Au final, la province du KwaZulu-Natal a connu une histoire impétueuse faite de marches pionnières, de luttes d’influence et de batailles illustres, lesquelles ont consécutivement ― parfois temporairement ― consacré différentes frontières politiques. Bien avant l’ère apartheid, celles-ci ont peu ou prou marqué les consciences, « modelé » ses limites et étroitement présidé à l’émergence de la présente entité administrative.
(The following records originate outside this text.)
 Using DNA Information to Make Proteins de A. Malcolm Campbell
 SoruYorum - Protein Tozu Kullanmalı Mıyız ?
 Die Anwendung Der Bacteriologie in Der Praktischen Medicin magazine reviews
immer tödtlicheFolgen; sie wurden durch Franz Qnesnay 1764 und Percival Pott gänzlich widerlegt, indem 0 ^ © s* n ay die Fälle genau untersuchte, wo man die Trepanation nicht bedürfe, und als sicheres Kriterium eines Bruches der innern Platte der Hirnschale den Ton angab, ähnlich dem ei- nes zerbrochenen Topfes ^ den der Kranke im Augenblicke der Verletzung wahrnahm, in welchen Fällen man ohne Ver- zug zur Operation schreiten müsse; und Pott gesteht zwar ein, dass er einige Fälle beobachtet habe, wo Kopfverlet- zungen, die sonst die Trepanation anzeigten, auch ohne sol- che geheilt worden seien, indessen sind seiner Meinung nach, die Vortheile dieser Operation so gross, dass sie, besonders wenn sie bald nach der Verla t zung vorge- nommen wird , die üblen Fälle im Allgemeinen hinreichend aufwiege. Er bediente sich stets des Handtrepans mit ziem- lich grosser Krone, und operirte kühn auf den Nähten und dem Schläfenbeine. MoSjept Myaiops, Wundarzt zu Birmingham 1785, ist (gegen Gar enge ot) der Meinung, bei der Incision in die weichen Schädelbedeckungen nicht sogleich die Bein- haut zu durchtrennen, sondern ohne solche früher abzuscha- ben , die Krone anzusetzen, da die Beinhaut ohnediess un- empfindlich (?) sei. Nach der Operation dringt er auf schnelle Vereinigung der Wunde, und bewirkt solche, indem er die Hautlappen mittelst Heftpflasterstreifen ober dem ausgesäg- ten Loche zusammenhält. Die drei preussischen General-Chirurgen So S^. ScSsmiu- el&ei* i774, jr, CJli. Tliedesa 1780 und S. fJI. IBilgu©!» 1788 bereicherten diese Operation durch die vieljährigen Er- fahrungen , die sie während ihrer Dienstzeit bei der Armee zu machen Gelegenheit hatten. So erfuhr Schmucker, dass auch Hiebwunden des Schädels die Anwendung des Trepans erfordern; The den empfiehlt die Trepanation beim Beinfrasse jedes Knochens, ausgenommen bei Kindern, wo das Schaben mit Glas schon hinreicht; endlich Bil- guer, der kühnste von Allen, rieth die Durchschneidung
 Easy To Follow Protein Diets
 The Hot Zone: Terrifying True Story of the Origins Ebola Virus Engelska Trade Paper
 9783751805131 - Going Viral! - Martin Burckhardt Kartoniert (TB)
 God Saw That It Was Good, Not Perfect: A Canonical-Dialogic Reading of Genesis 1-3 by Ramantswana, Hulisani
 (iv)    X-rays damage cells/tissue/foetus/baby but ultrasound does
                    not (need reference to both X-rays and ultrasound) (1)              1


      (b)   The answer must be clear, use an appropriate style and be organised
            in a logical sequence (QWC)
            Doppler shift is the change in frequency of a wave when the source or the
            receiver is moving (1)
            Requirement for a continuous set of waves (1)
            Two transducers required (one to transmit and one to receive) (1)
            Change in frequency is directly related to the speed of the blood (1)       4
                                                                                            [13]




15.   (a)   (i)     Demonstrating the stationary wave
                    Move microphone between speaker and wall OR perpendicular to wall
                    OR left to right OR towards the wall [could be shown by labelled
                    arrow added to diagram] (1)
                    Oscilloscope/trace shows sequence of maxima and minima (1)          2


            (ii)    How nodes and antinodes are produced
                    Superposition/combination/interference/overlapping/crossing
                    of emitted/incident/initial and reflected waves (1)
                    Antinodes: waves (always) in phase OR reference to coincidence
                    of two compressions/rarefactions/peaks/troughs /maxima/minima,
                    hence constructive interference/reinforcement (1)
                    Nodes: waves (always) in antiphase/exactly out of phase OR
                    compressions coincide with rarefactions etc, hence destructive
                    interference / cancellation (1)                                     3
Le tracé du KwaZulu-Natal (figure 4) demeure effectivement très proche aujourd’hui de l’adjonction des diverses contrées ― émanant des vieilles frontières ― dressées en cet article [31]. La province du Natal sera admise une première fois sur ces bases en 1910, lors de la création de l’Union sud-africaine (en compagnie des réserves africaines qui, plus tard, vont donner le bantoustan KwaZulu). Sous l’ère apartheid, le Parti National, depuis Pretoria, définira par la suite huit régions de développement à l’échelle du pays, dont la « Région E » qui restera très proche de cette association Natal-Kwazulu (une portion du Transkei lui étant adjointe au sud ― Economic and Social Memorandum, Region E, 1991). L’African National Congress (ANC), qui parviendra au pouvoir en 1994, reprendra finalement en grande partie ces vieilles limites territoriales, en vue de la délimitation des actuelles provinces démocratiques d’Afrique du Sud (excepté le territoire du Transkei-est qui sera finalement excisé).